Figure 1 displays the selected on a test device, spatial arrangement of a sensor system for a line protection switch, wherein the sensor outside the switch casing located at a small distance from the housing side wall and is shown in projection on the switching device: When a switch housing 1 are in a known manner the terminals 2 and 3, a contact assembly of the fixed contact 4 and the moving contact 5, corresponding terminals having a bimetal as line connection 7 and a solenoid coil 8 is provided and shown in a simplified representation. The fixed contact 4 is located on a rigid contact support 40, the moving contact 5 on a movable contact carrier 50, which is activated via a drive bracket 51 made of ferromagnetic material and a handle 52nd In view of projected "under" the movable contact carrier 50, a permanent magnet 11, the permanent magnet 11 is mounted to which a inductance sensor is associated with electrical connections 61, 62 60. There is provided with a field-reinforcing sheet iron 12th

In order to detect the position of the ferromagnetic drive yoke 51 with the inductance sensor 60, the magnetic field of the permanent magnet 11 is pelt eingekop- to the drive bracket 51 and applied to the field strengthening the iron sheet 12 on the side remote from the drive bracket 51 side of the permanent magnet, which the inductance sensor 60 is about to surmounted to its center.

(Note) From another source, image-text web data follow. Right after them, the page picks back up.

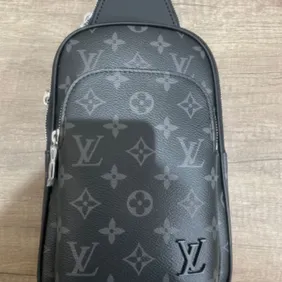 Authentic Louis Vuitton Monogram Eclipse Avenue Sling Bag in brand new condition. Proof of purchase 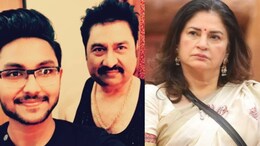 Did Kumar Sanu's Son Take A Dig At Kunickaa Sadanand While Supporting <i>Bigg Boss 19's</i> Tanya Mittal?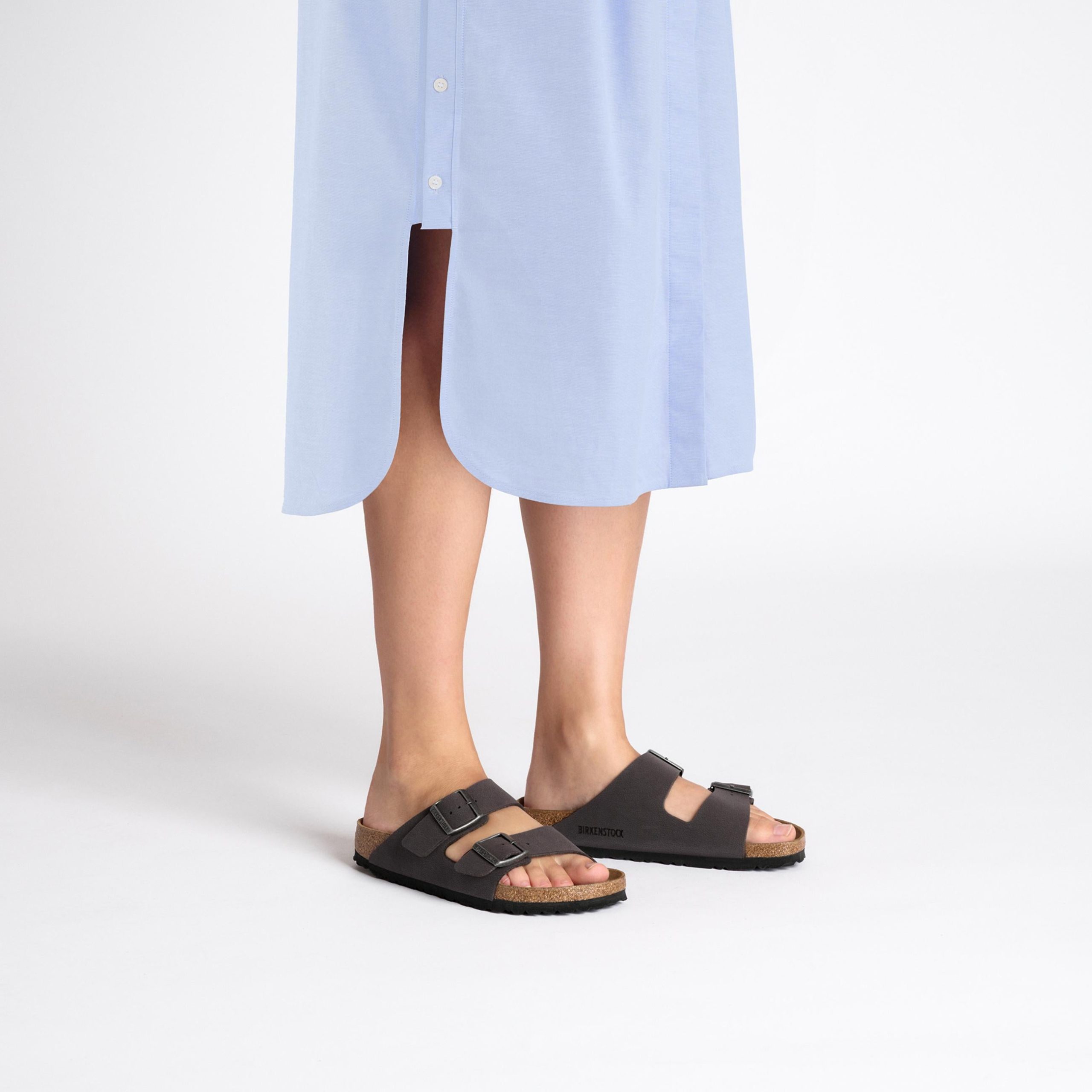 Arizona Velvet Grey BirkiBuc - Image 4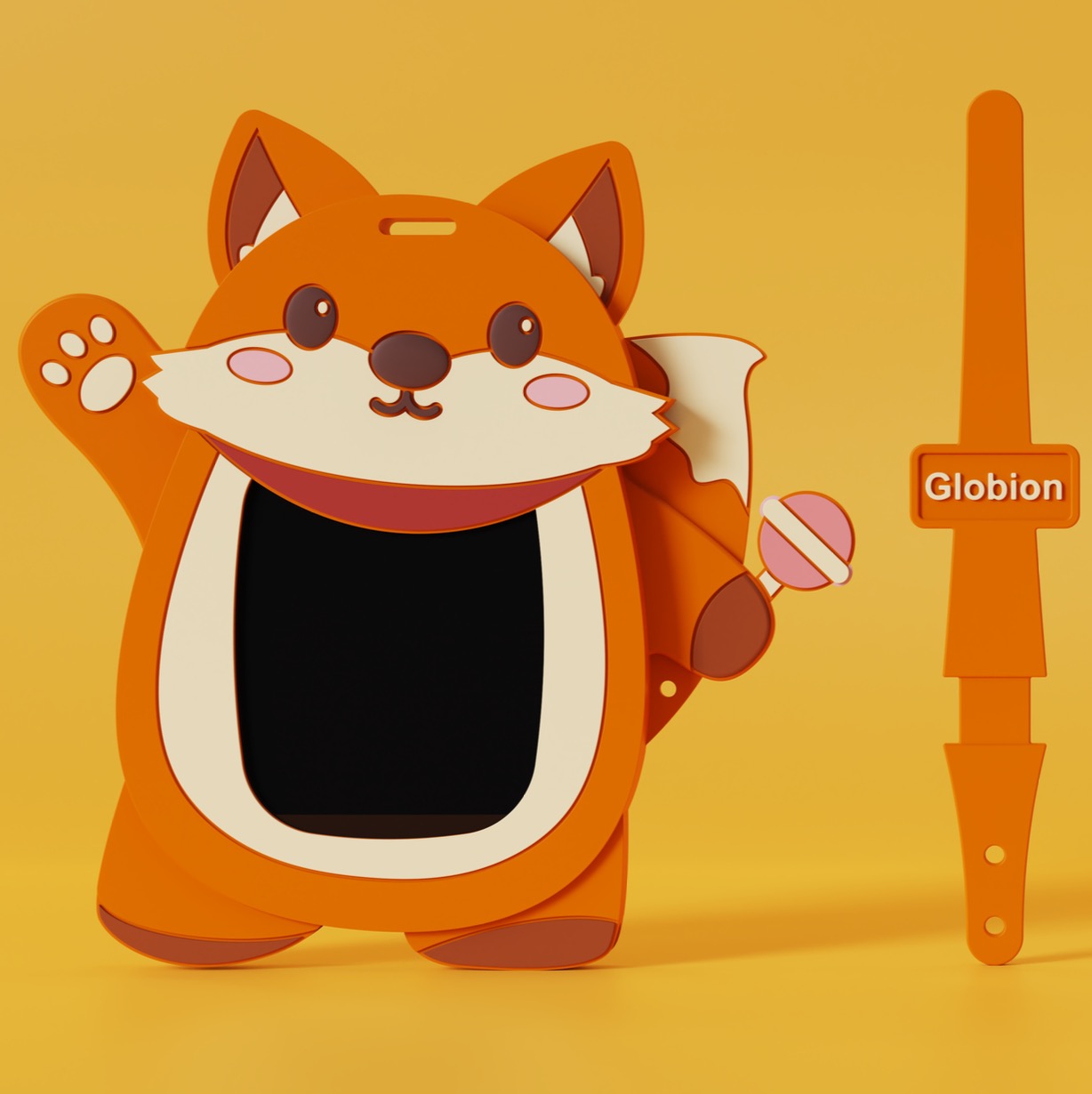 Fox doodle pad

According to Figure 2, there is the inductance sensor 60 between the approximately parallel legs of a U-shaped magnetic circuit of the drive bracket 51 and iron plate 12 whose transverse limb is formed by the permanent magnet. 11 The magnetization direction is chosen so that the magnetic field emerges perpendicular to the plane of the figure 1 of the permanent magnet. 11

In the evaluation circuit in accordance with Figure 3 of a frequency of 1 MHz and a power consumption ~ 1 mA, a signal circuit is formed by a rectangle generator 101 with, for example, an amplitude of + 15 V, ~ fed, and further processes the output signal of a differential amplifier 111th

By changing the magnetic flux in the inductance sensor 60 during rotation of the ferromagnetic drive bracket 51 from the switch-off in the on position, for example, the inductance value (L = a) varies from 450 .mu.H (= L off) to 470 .mu.H. In order to measure this comparatively small relative change in induction of 4%, the measuring circuit contains an addition to the actual measuring path compensators tion branch defining the zero differential voltage. Both

Measurement branches are constructed largely the same, in order to prevent temperature drift of the output voltage which is dependent on the diode characteristics. More specifically, in the

Measurement branches respectively resistors 102, 102 'with R x 10 k and RC elements 103, 103' with C 3 = 100 nF and R 3 = 10 k exists. With L the inductance of the inductance sensor 60 variable is referred to. The inductance 60, a capacitance 104 having C x ~ 6.8 nF to a downstream evaluation branch, on the other evaluation branch, a resistor 105 having R2 = 4k7 downstream, wherein in the signal paths via the

Diode rectification occurs. The RC elements are used for signal integration.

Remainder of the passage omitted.